§ **EXTRACTED DATA**:
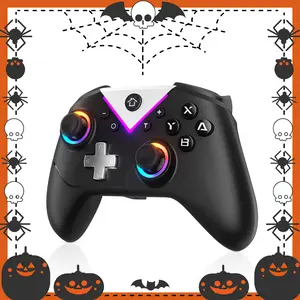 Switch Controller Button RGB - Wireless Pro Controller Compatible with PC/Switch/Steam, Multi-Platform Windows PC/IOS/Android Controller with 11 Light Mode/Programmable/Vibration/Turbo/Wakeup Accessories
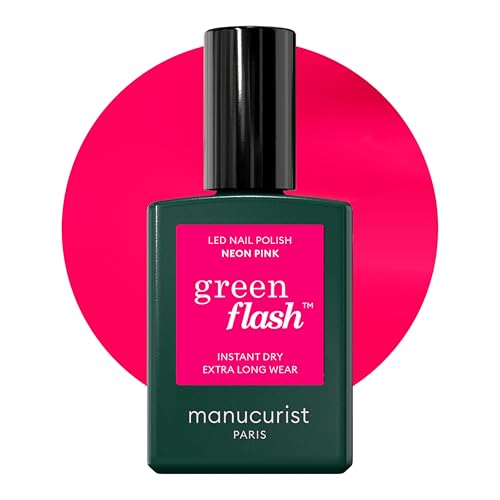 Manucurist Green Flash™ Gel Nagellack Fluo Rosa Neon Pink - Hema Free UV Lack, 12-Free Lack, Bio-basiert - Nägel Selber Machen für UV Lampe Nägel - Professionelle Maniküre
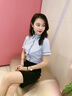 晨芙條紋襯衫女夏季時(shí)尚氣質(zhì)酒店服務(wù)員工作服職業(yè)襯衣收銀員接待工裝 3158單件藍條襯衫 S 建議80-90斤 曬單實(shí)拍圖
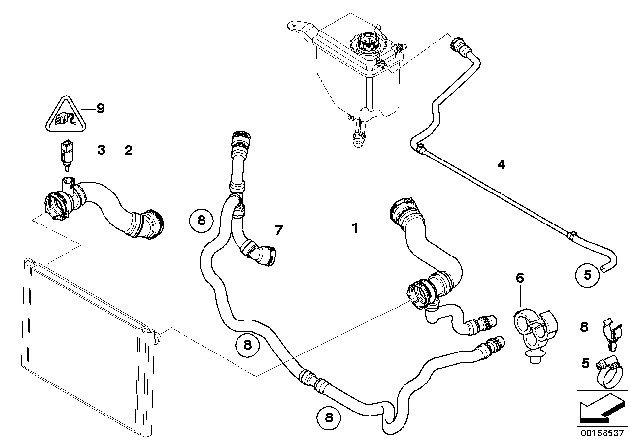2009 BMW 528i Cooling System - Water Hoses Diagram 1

--

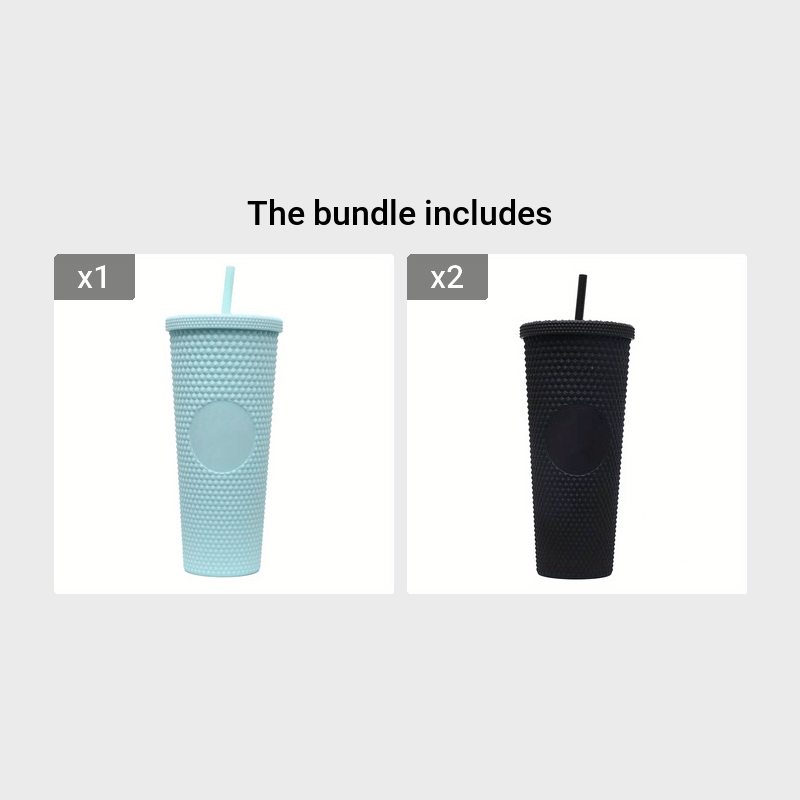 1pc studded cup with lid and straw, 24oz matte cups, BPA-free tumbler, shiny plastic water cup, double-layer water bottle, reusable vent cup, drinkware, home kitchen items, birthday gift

§ **ACTIVITY**:
What you return must match, character for character, the lines above from the one with "Switch Controller Button" through the one with "2009 BMW 528i", minus any pictures.

§ **WORKED SOLUTION**:
 Switch Controller Button RGB - Wireless Pro Controller Compatible with PC/Switch/Steam, Multi-Platform Windows PC/IOS/Android Controller with 11 Light Mode/Programmable/Vibration/Turbo/Wakeup Accessories
 Manucurist Green Flash™ Gel Nagellack Fluo Rosa Neon Pink - Hema Free UV Lack, 12-Free Lack, Bio-basiert - Nägel Selber Machen für UV Lampe Nägel - Professionelle Maniküre
 晨芙條紋襯衫女夏季時(shí)尚氣質(zhì)酒店服務(wù)員工作服職業(yè)襯衣收銀員接待工裝 3158單件藍條襯衫 S 建議80-90斤 曬單實(shí)拍圖
2009 BMW 528i Cooling System - Water Hoses Diagram 1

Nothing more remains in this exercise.